Я положил на колени альбом, схватил один из её карандашей.
Какой — значения не имело, лишь бы принадлежал ей. Непривычный для моих
пальцев, слишком толстый. И при этом чувствовалось, что только он годится для
такой работы. Я начал рисовать.
На Дьюма-Ки именно это получалось у меня лучше всего.
iii
Я нарисовал ребёнка, сидящего на детском стульчике. С
перевязанной головой. Со стаканом в одной руке. Другая рука обвивала шею отца.

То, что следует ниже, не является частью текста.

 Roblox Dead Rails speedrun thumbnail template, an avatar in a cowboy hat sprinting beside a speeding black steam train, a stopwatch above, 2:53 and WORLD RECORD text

Он был в нижней рубашке, с мыльной пеной на щеках. В отдалении — просто тень —
стояла домоправительница. На этом наброске она без браслетов, потому что
браслеты носила не всегда, но с платком на голове, с узлом впереди. Няня
Мельда, которую Либбит воспринимала почти как мать.
Либбит?
— Да, так они её звали. Так она называла себя. Либбит,
маленькая Либбит.
— Самая маленькая, — пробормотал я и перевернул первый лист
альбома. Карандаш (слишком короткий, слишком толстый, пролежавший без дела три
четверти века) был идеальным инструментом, идеальным каналом связи. Он вновь
начал рисовать.
Нарисовал эту маленькую девочку в комнате. На стене за её
спиной появились книжные стеллажи, и это был кабинет. Кабинет папочки. Девочка
сидела за столом. С забинтованной головой. В домашнем платьице. В руке держала
(тан-даш)
карандаш. Один из цветных карандашей? Вероятно, нет (тогда —
нет, ещё нет), но значения это не имело. Она нашла своё призвание, свою цель,
свою metier.
[169]
И какой же у неё от этого появился аппетит! Как же ей
хотелось есть!
Она думает: «Мне нужна ещё бумага, пожалуйста».

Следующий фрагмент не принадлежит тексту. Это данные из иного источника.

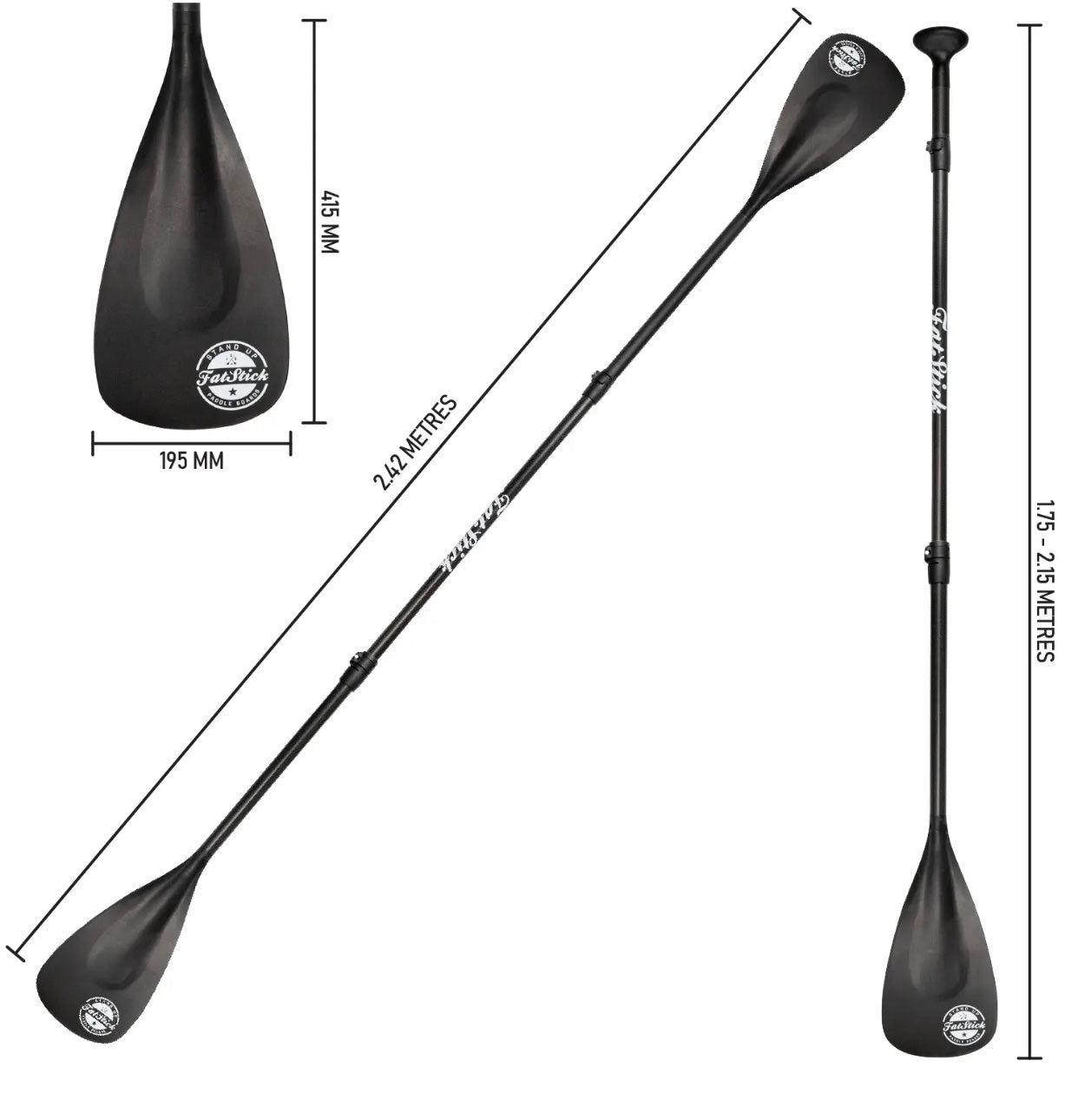 4 Piece Carbon Shaft Paddle Board/KAYAK Paddle -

Она думает: «Я — ЭЛИЗАБЕТ».
— Она буквально врисовала себя в этот мир, — сказал я, и
тело покрылось гусиной кожей от макушки до пяток, потому что… разве я не сделал
то же самое? Разве я не сделал то же самое здесь, на Дьюма-Ки?
Работу я ещё не закончил. Подумал, что меня ждёт долгий и
изматывающий вечер, но чувствовал — я на пороге великих открытий, и испытывал
при этом не страх (нет, тогда страха не было), а волнение, оставляющее во рту
медный привкус.
Я наклонился и взял третий рисунок Элизабет. Четвёртый.

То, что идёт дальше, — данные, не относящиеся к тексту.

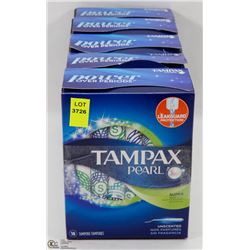 5 BOXES OF TAMPAX PEARL TAMPONS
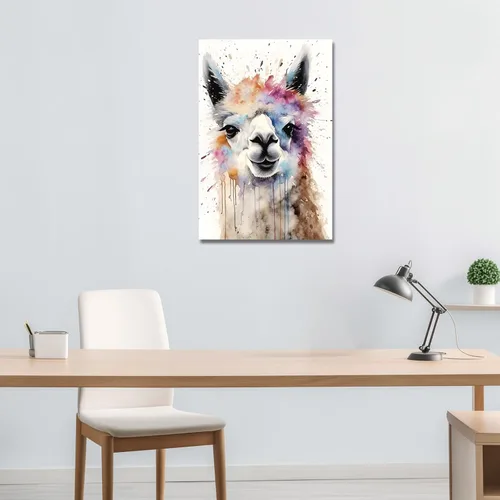 Vista 4 de LZIMU Lienzo de alpaca en acuarela, divertido póster de alpaca, impresiones de lindos animales, obras de arte coloridas para guardería, decoración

Пятый. Шестой. Двигался вперёд всё с большей и большей скоростью. Иногда
останавливался, чтобы рисовать, но в основном такой необходимости не было.
Картины возникали у меня в голове, и причина, по которой я не переносил их на
бумагу, не составляла тайны: Элизабет уже сделала это, давным-давно, когда
пришла в себя после несчастного случая, едва не оборвавшего её жизнь.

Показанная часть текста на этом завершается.